#### Data to use
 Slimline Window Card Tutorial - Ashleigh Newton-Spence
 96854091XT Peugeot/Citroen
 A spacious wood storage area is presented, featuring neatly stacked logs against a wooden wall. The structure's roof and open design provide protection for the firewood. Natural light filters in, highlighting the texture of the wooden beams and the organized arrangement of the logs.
...
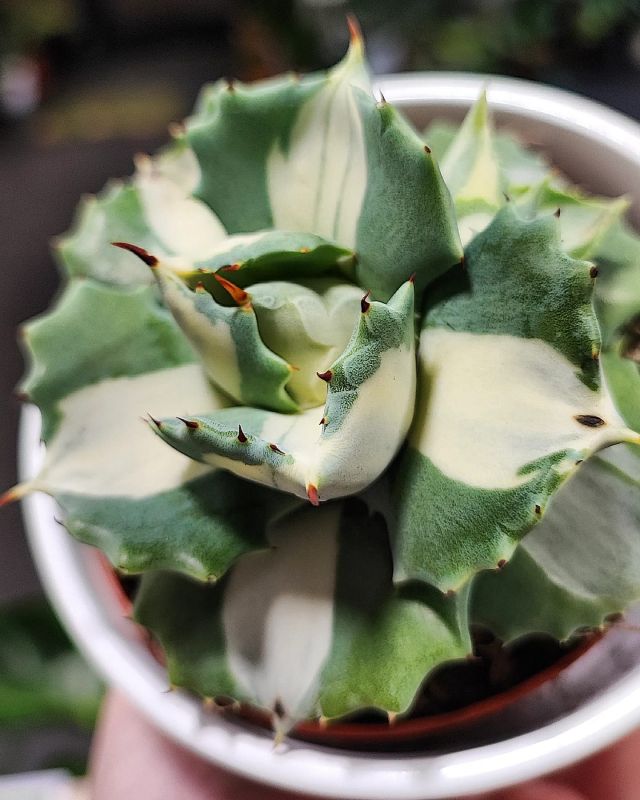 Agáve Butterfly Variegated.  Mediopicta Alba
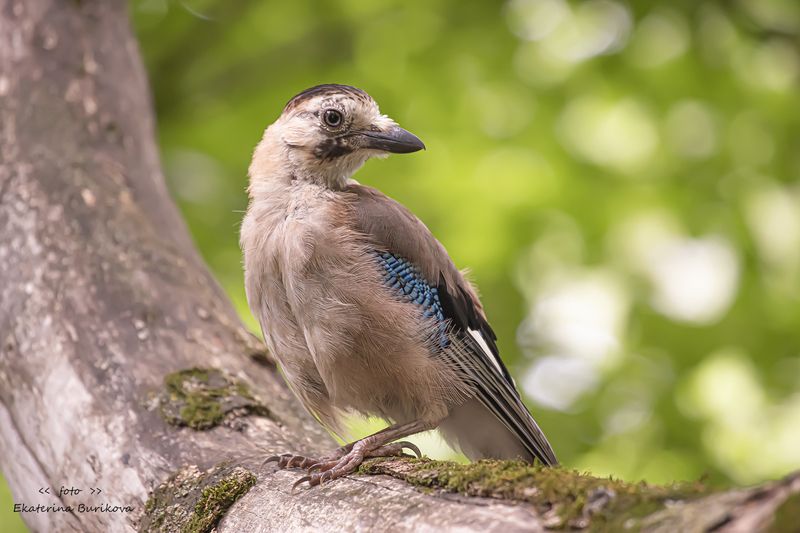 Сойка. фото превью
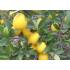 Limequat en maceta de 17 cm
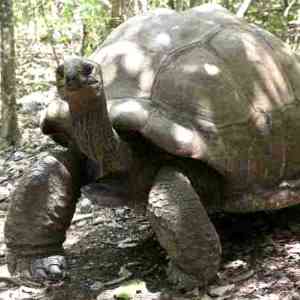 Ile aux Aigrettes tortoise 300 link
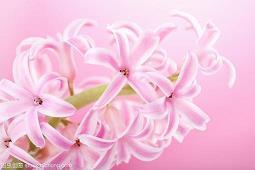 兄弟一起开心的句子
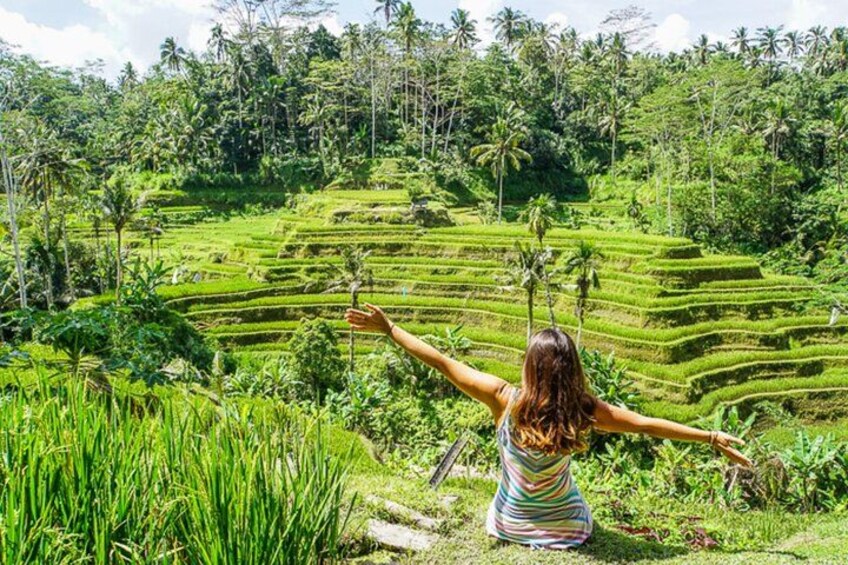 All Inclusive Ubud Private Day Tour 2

#### Problem
Return, exactly as they stand, the lines above from the one with "Agáve Butterfly Variegated." to the one with "All Inclusive Ubud Private Day Tour 2", omitting any pictures among them.

#### Response for this exercise
 Agáve Butterfly Variegated.  Mediopicta Alba
 Сойка. фото превью
 Limequat en maceta de 17 cm
 Ile aux Aigrettes tortoise 300 link
 兄弟一起开心的句子
 All Inclusive Ubud Private Day Tour 2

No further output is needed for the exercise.